PBS kamusal yayın yapan bir kanaldır. Sahibi izleyicileridir. Her yıl teberru kampanyası açar PBS, bu arada nitelikli yayının devamı için zengin vakıflar da kanalı destekler.
İyi bir izleyici kitlesi vardır PBS’in…
Erdoğan’ı PBS adına ağırlayan Amna Nawaz kanalın ana haber sunucusu.
ABD’de doğmuş, ama tanınmış bir aileden Pakistan asıllı bir gazeteci Amna Hanım…
Bizim medya PBS mensubu gazeteci ile Cumhurbaşkanı Erdoğan arasında bir soru yüzünden sorun çıktığını haberleştiriyor.
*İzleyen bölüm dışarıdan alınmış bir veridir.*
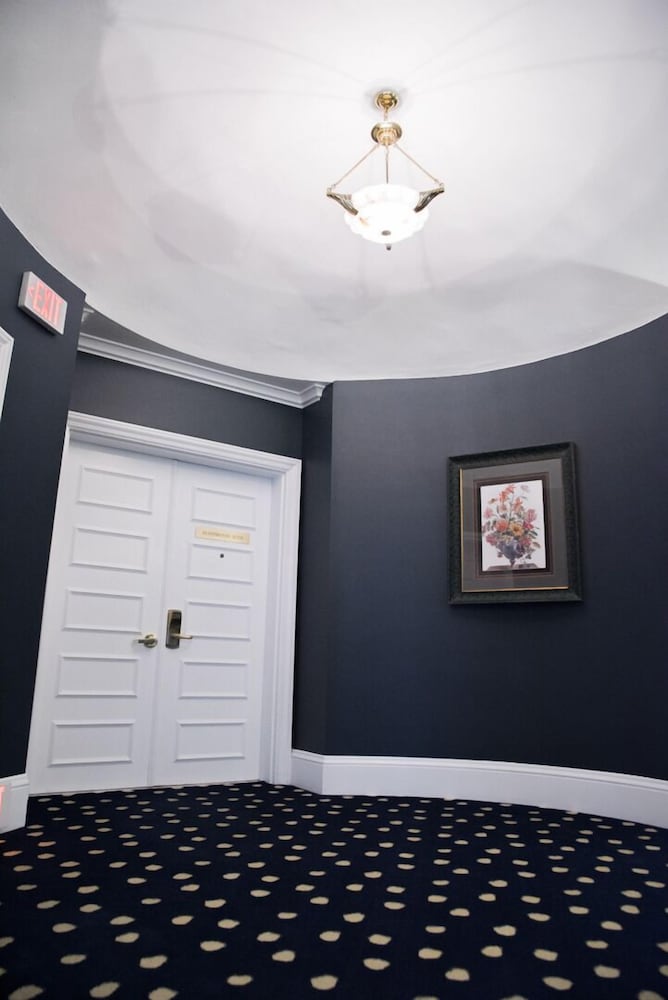 Фото The Sterling Hotel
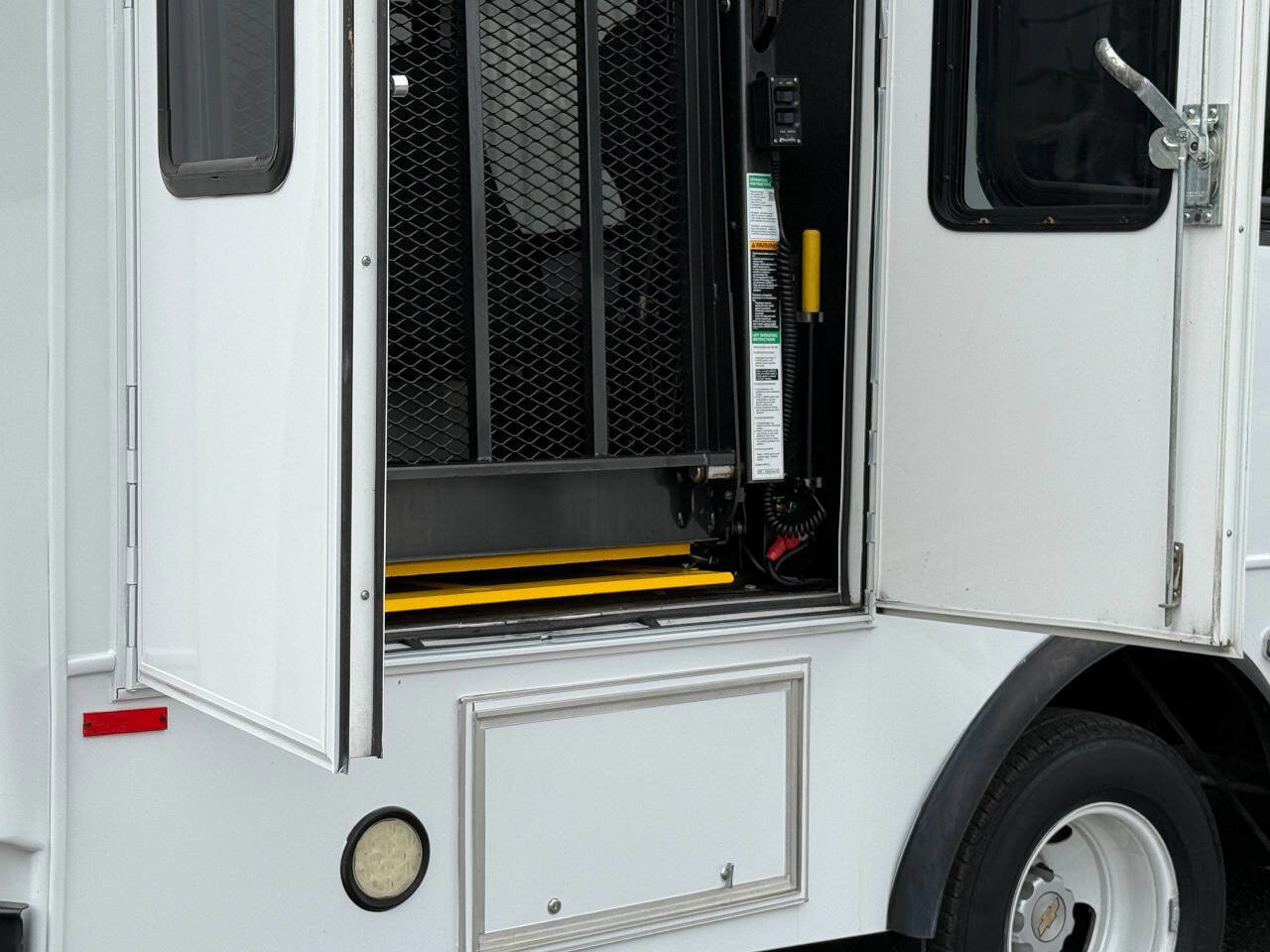 Used 2014 Chevrolet Express 3500 w/ Shuttle Bus Package RWD image 48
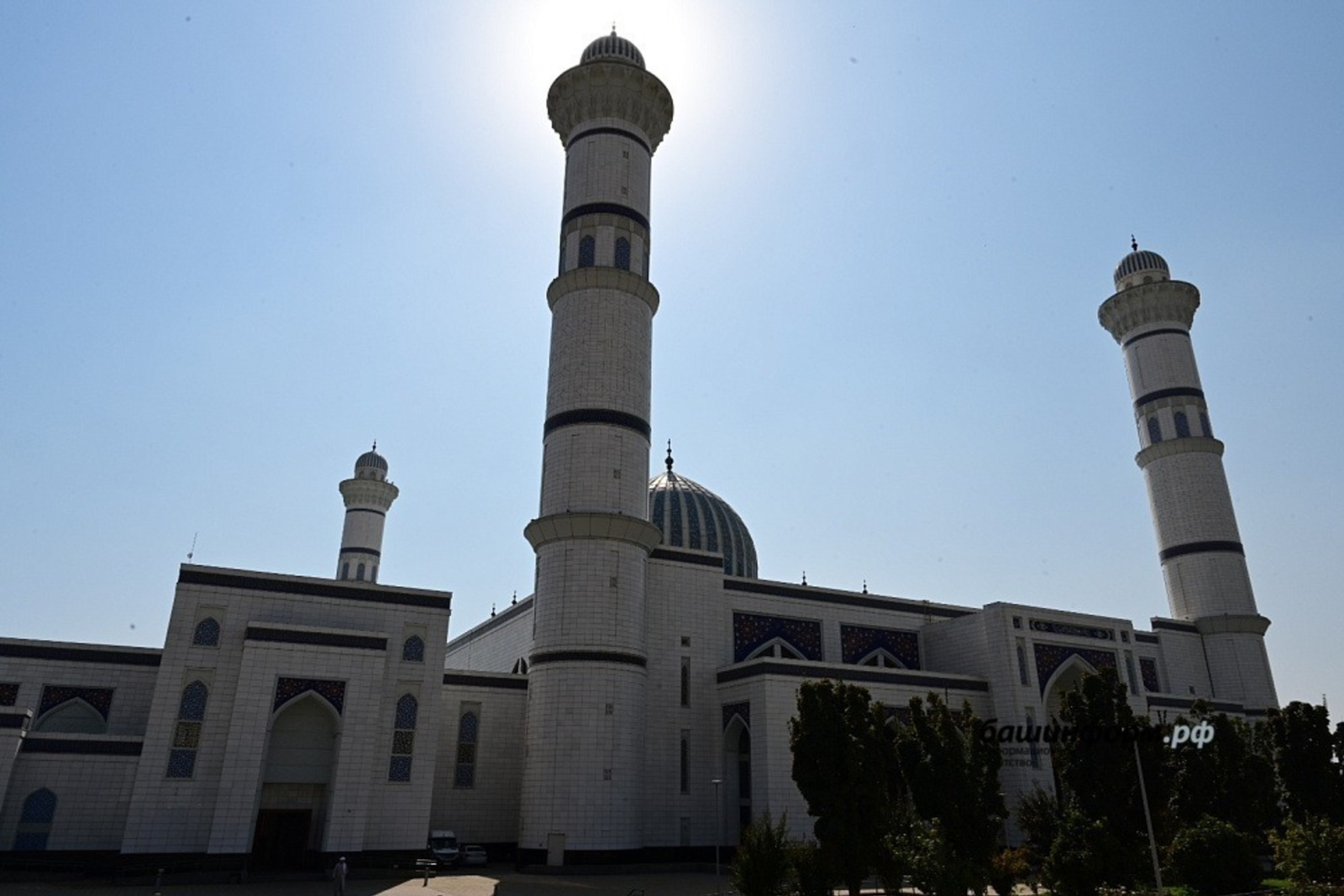 Из Уфы запускают прямые рейсы в Бохтар: когда и как улететь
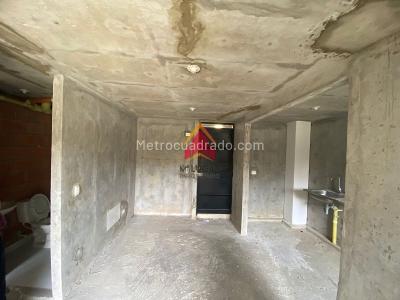Apartamento de 2 alcobas en venta en Rionegro, Rionegro, 49 m² · foto 3 de 14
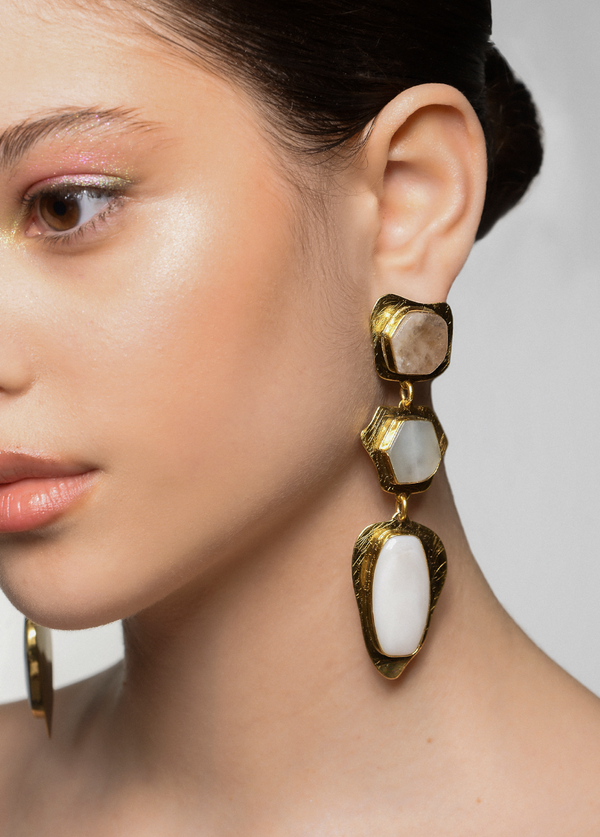 liya MINERAL DROP EARRINGS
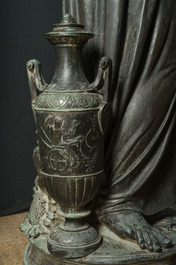 Eug&egrave;ne Louis Lequesne (1815-1887): Twee grote gepatineerd bronzen tuinbeelden van vrouwen naar de Antieken, gieterijstempel Durenne, Parijs, 19de eeuw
Yaşanana “İkinci One Minute olayı” yakıştırması yapan da var.
Bu defa anlaşılan mülakat terk edilmemiş, bir tersleşme olmuş sadece.
Amna Nawaz, “Sedef Kabaş, Osman Kavala ve Selahattin Demirtaş’ı susturmaya mı çalışıyorsunuz?” sorusunu yöneltince, Cumhurbaşkanı Erdoğan, bu kişilerle ilgili sürecin yargı tarafından yürütüldüğünü söylemiş, sözünün kesilmek istenmesine de tepki vermiş…
“Kesmeye hakkın yok, saygı duyacaksın, yargının verdiği karara saygı duyacaksın” tepkisini…
Mülakatı evlerinde izleyen Amerikalılar bu tepkiye hayli şaşırmışlardır.
Türkiye’ye “İkinci One Minute olayı” olarak takdim edilen yayın, ABD’de Türkiye ile ilgili zaten var olan olumsuz algının biraz daha derinleşmesine yaramıştır.
Çoktan unutulduğu için, bizde, karşısında kim olursa olsun, gazetecinin görevinin sorulması gerekenleri muhatabına yöneltmek ve cevabı alıncaya kadar da onu devam sorularına maruz bırakmak olduğu hatırlanmıyor.
Uslu gazetecilik hiç değilse yarım yüzyıldır yerini sorgulayıcı üslupla yapılan bir anlayışa bıraktı.
Joe Biden de sıkıştırılıyor ekranlarda, Donald Trump’ı da az kızdırmadı sunucular…
Davos’ta en kalabalığı 100 kişilik bir ortamda iki lider arasında geçen sözlü takışma fazla yaygınlık kazanmaz, iki taraf da orada geçenleri kendine yontabilir; ancak kamu yararına yayınlar yapan bir kanalda gazeteci ile devlet yetkilisi arasında tepkili geçen bir mülakat dünyanın dört bir tarafında ilgi çeker…
Amerikalı izleyicilerin o görüntülerden nasıl etkilendiği önemli bence.
Gazetecinin kadın olması olumsuz etkiyi artıran bir unsur.
Hatta Müslüman bir gazeteci oluşu da…
O isimleri hayatlarında işitmemiş olan yabancılar ”Bu işte bir iş var” diye düşünmeye başlamışlarsa şaşırmamak gerekir.
BM’ye katılım ziyaretleri, her ülkede olduğu gibi bizde de, aylar öncesinden planlanır. Böyle bir sorunun gelebileceği kolayca öngörülebilirdi. Herhalde öngörülmüş ve böyle kurgulanmış değildir.
Keşke ‘kadın yüzyılı’ içerisindeyken böyle bir olay hiç yaşanmasaydı.